I want to explore RNAseq data from Expression Atlas (EMBL-EBI database). The dataset downloaded from the database was in TPM, so I changed NAs into '0's and multiplied the values by 1E+6 (to get integer values) and added 1 for later log-transformation
data4PCA[is.na(data4PCA)] = 0
data4PCA = data4PCA * 1000000
data4PCAint = as.matrix.data.frame(data4PCA + 1)

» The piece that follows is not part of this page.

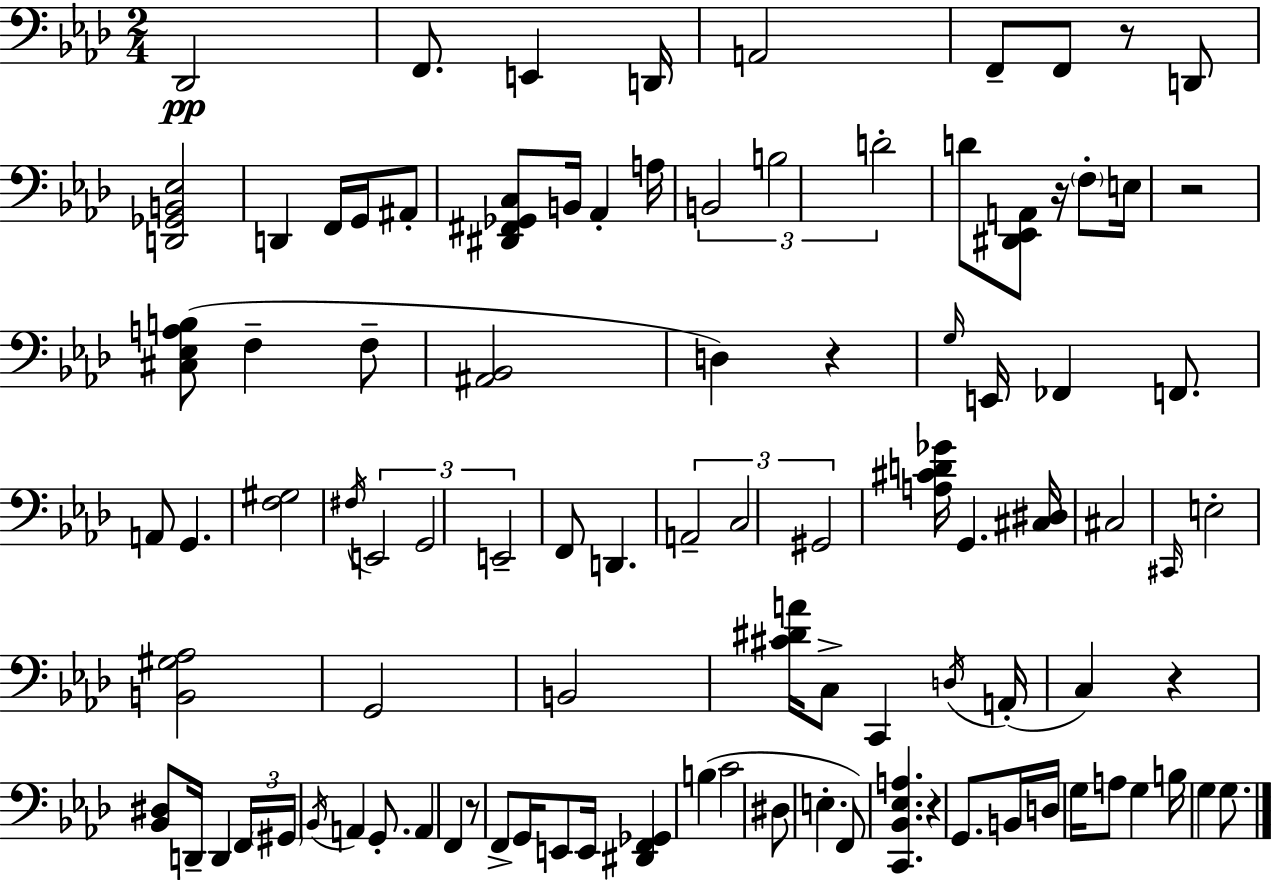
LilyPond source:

I want to do rlogTransformation the data (rlog) but got stuck at creation of a DESeqDataSet:
dds = DESeqDataSetFromMatrix(countData = data4PCAint,
colData = design4pca,
design = ~ System)
which returns an error:
converting counts to integer mode Error in validObject(.Object) :
invalid class “DESeqDataSet” object: NA values are not allowed in the count matrix In addition: Warning message: In mde(x) : NAs introduced by coercion to integer range
head(data4PCAint)
returns:
bone.marrow colon duodenum esophagus liver lymph.node
ENSG00000000003 600001 65000001 30000001 61000001 62000001 6000001
ENSG00000000005 1 1000001 400001 800001 1 100001
ENSG00000000419 87000001 83000001 66000001 98000001 46000001 132000001
ENSG00000000457 3000001 11000001 9000001 10000001 5000001 17000001
ENSG00000000460 6000001 3000001 3000001 3000001 2000001 7000001
ENSG00000000938 308000001 6000001 6000001 12000001 6000001 63000001
rectum saliva.secreting.gland small.intestine spleen
ENSG00000000003 67000001 53000001 22000001 17000001
ENSG00000000005 1000001 400001 400001 500001
ENSG00000000419 83000001 35000001 78000001 97000001
ENSG00000000457 13000001 6000001 9000001 14000001
ENSG00000000460 5000001 1000001 3000001 5000001
ENSG00000000938 7000001 3000001 10000001 180000001
stomach tonsil vermiform.appendix
ENSG00000000003 22000001 14000001 11000001
ENSG00000000005 1 300001 2000001
ENSG00000000419 63000001 114000001 100000001
ENSG00000000457 10000001 14000001 13000001
ENSG00000000460 2000001 10000001 8000001
ENSG00000000938 6000001 36000001 172000001
so it looks like the data is OK?!
sessionInfo()
R version 3.6.0 (2019-04-26)
Platform: x86_64-apple-darwin15.6.0 (64-bit)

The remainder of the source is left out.